Key to Fushimi’s development was a successful overseas trader named Suminokura Ryōi (1554–1614). Ryōi petitioned the shogun Tokugawa Ieyasu (1543–1616) for permission to construct canals to link the Nijō district of central Kyoto to Fushimi and link Fushimi to Osaka via the deep, fast-flowing Ujigawa and Yodogawa rivers. Ryōi had accrued a vast fortune as a principal merchant with access to Tokugawa’s “red seal ships” (shuinsen), which were permitted to trade with the ports of Annam, Siam, and beyond. Ryōi used his personal finances to complete the Takase waterway engineering project.

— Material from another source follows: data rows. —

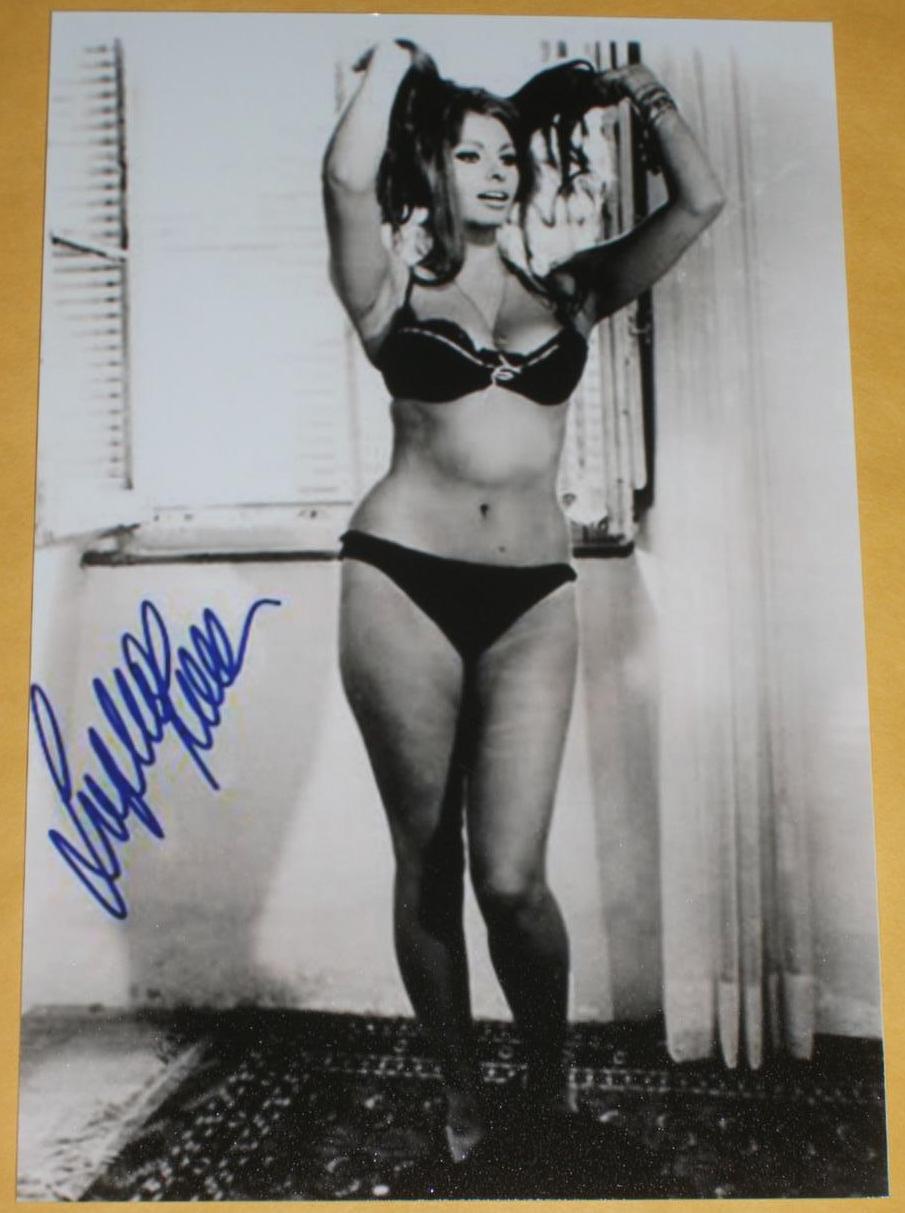 Sophia Loren Classic Photo My Xxx Hot Girl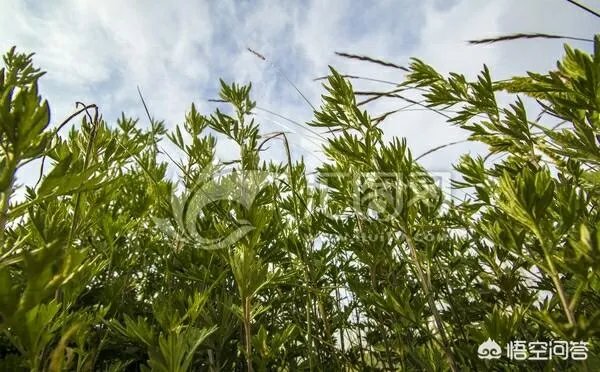 艾草是野生的好还是种植的好?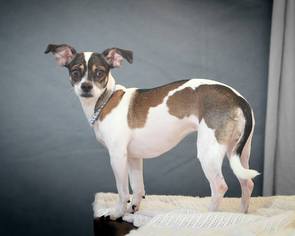 Medium Photo #1 Italian Greyhuahua Puppy For Sale in Pasadena, CA, USA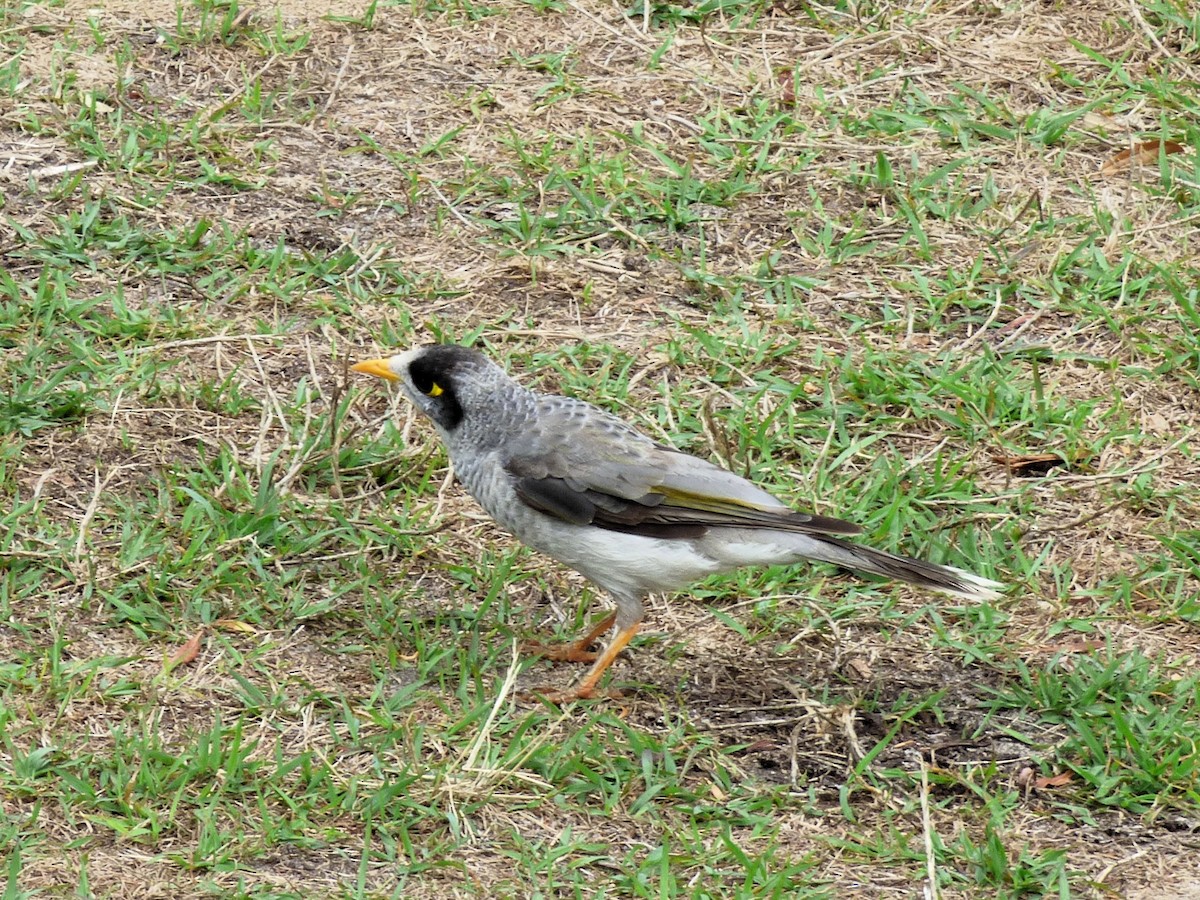 Noisy Miner - ML644791692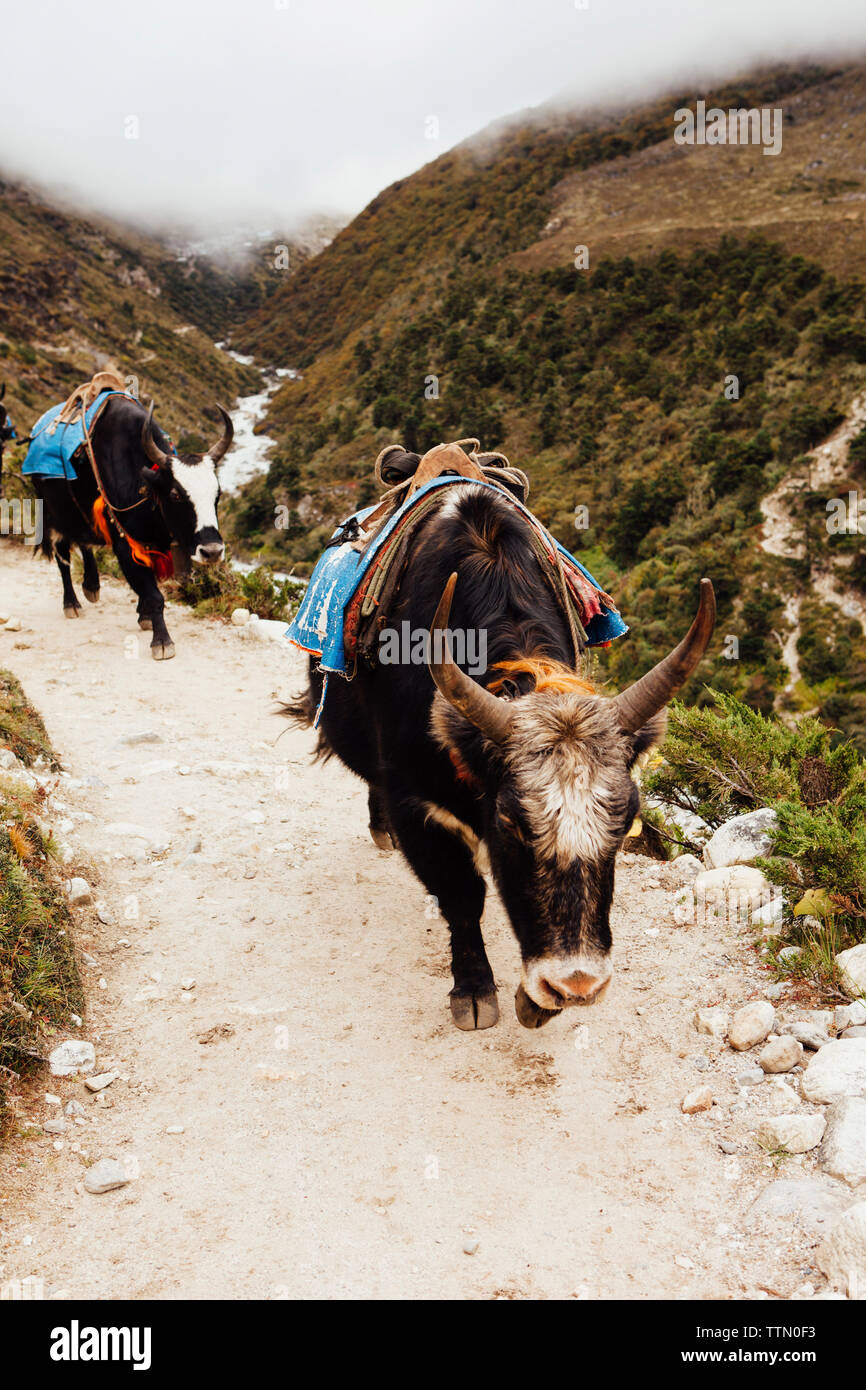 Les yacks marche sur mountain contre ciel nuageux au parc national de Sagarmatha Banque D'Images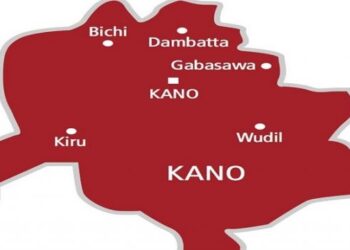 Kano Partners with Firm on $15M Custom Gas Supply Deal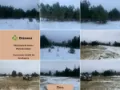Karczowanie i przygotowanie terenu pod inwestycję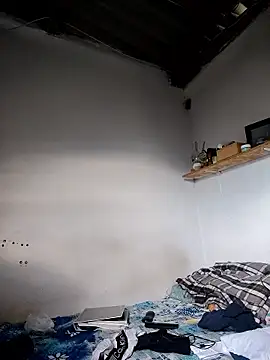 gatoalex89 online show from 12, 4, 2026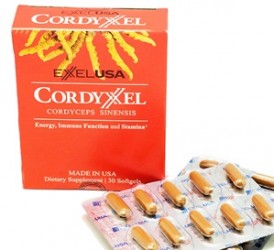 Cordyxel
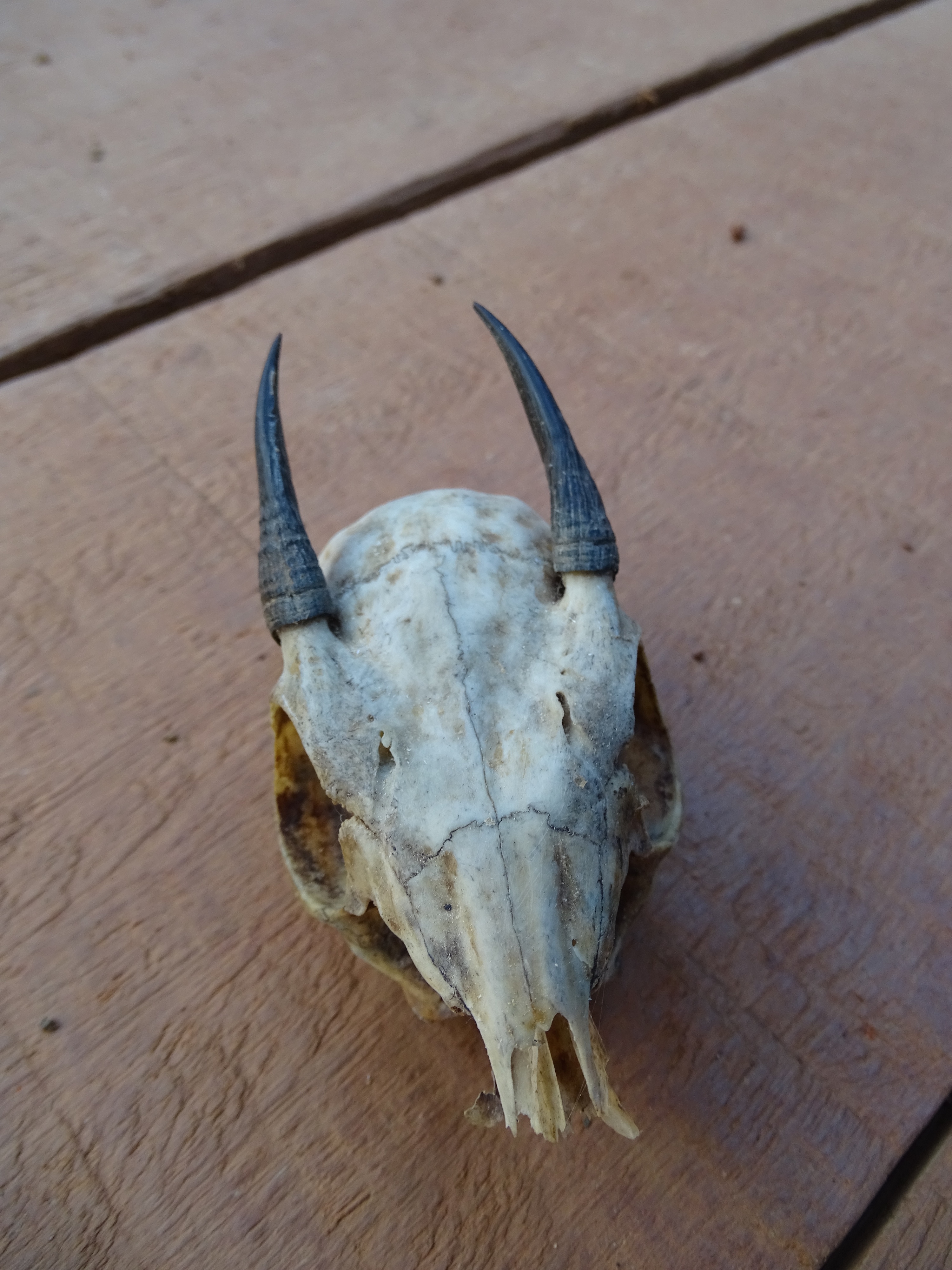 bates antelope skull.jpg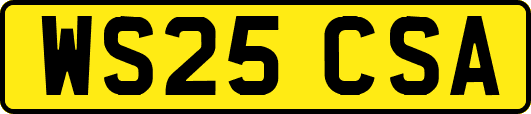 WS25CSA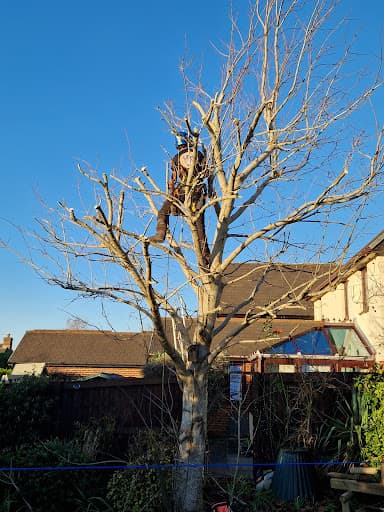 Cardiff Tree Surgery — Customer photo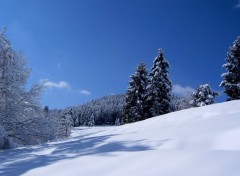 Wallpapers Nature Paysage hivernal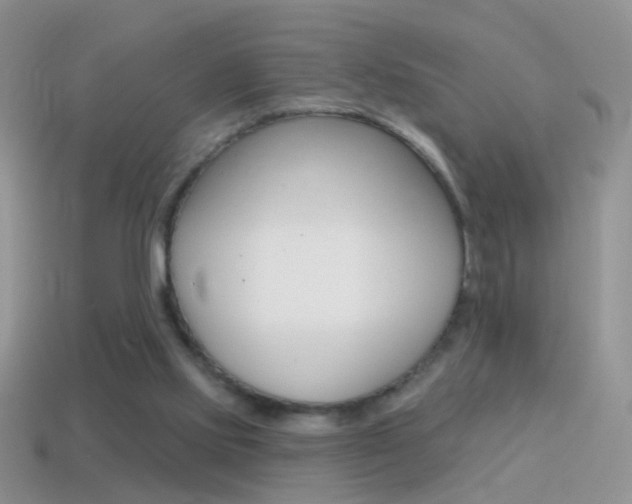 X0000114720061200910211100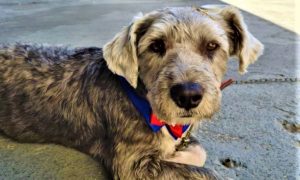 Feira de Adocao de Animais 2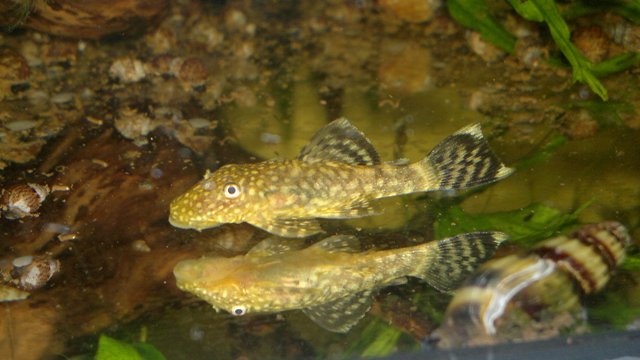 mlada 5 mesiacov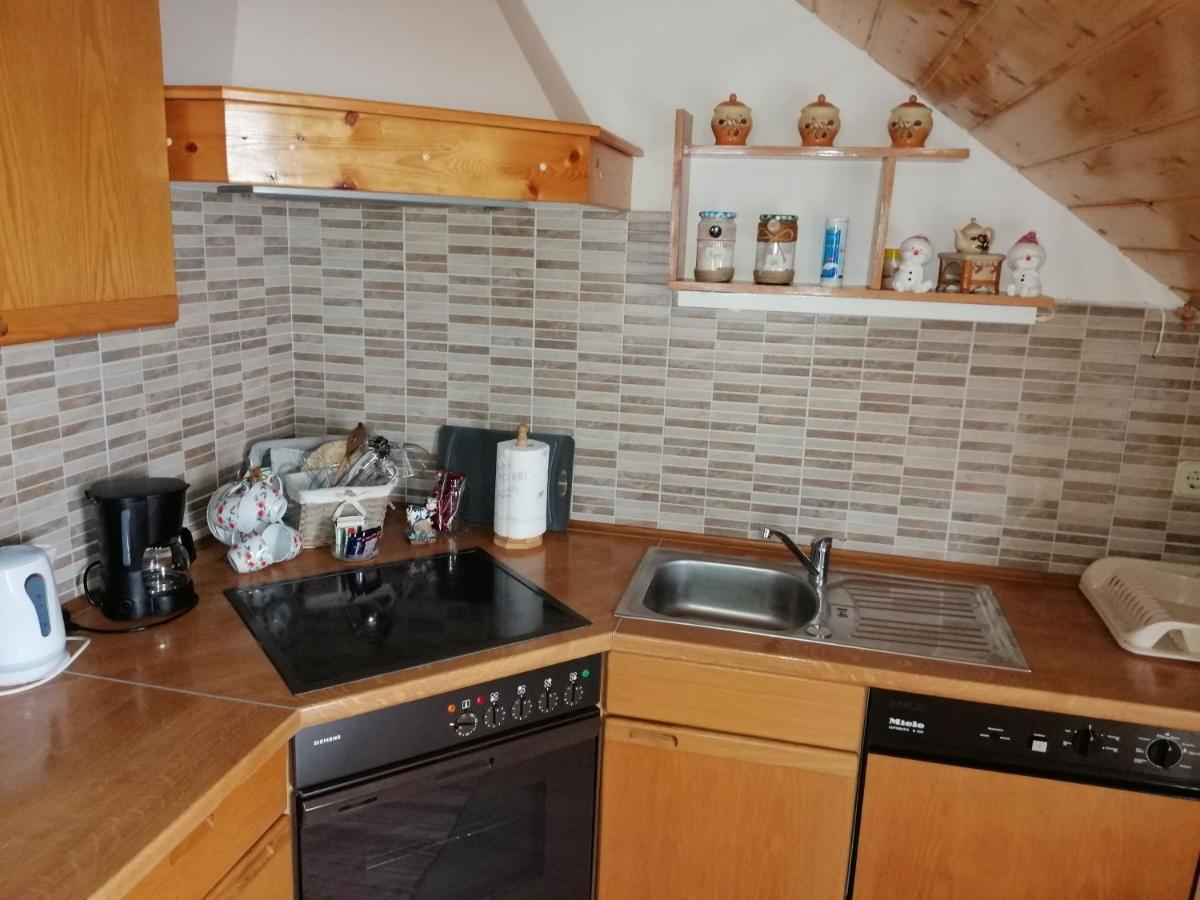 Apartment Mihalic Ogulin Zewnętrze zdjęcie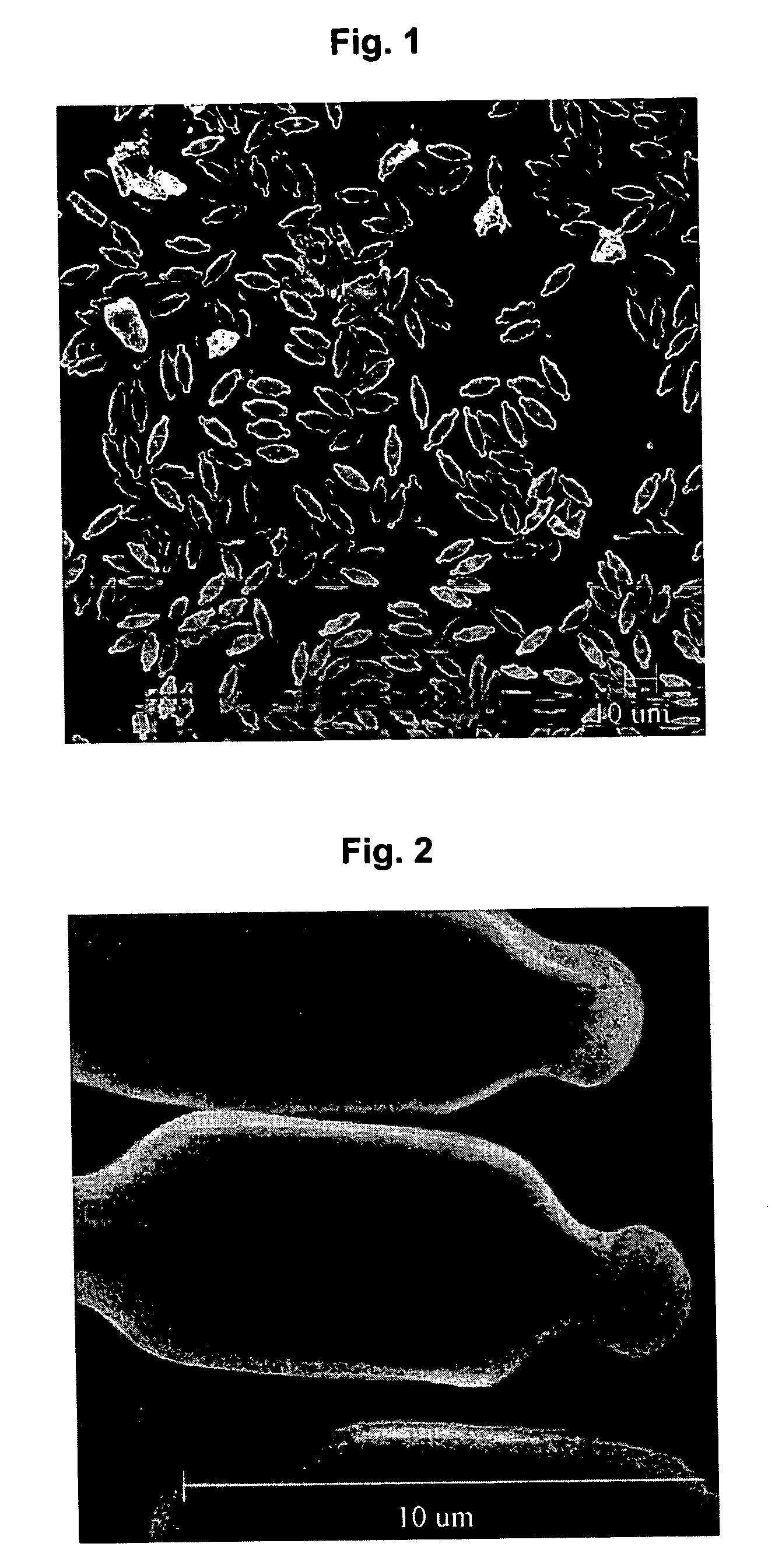 Structured self-cleaning surfaces and method of forming same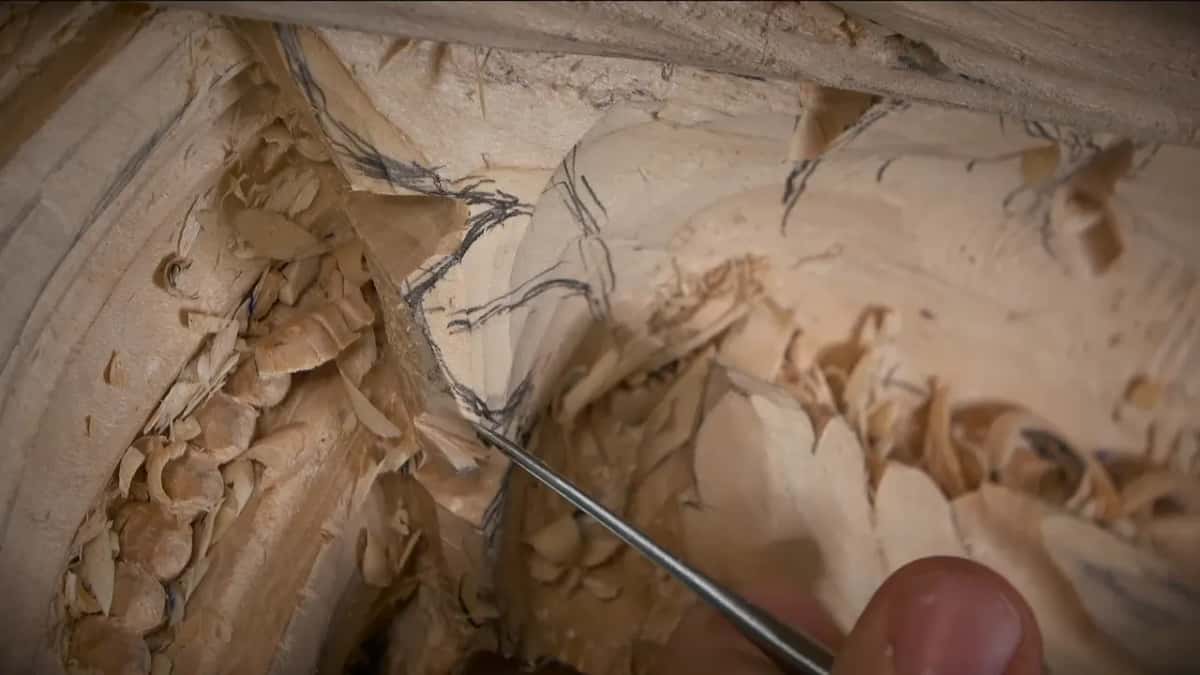 Thin steel reaching into a deep pocket between penciled leaves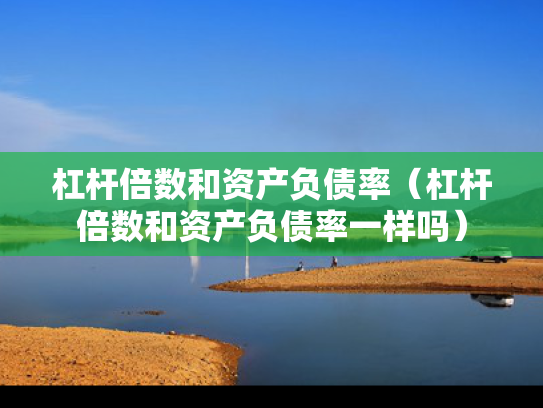杠杆倍数和资产负债率（杠杆倍数和资产负债率一样吗）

The canals opened in 1614 and transformed Fushimi, effectively turning the castle town into Kyoto’s southern gate to the outside world. Travelers, traders, political schemers, and tourists visited the inland port en route to and from the ancient capital aboard passenger or freight ferries. With the new canals, Fushimi was a major economic hub. Japan’s first silver coinage was minted here, and Fushimi became the key point of departure and arrival for the daimyo lords of western Japan, who under the shogunate’s policies were required to reside in the capital at Edo in alternate years. Only in the Meiji era (1868–1912), with the opening of a direct railway from Osaka to Kyoto in 1877, did Fushimi’s star finally start to fade.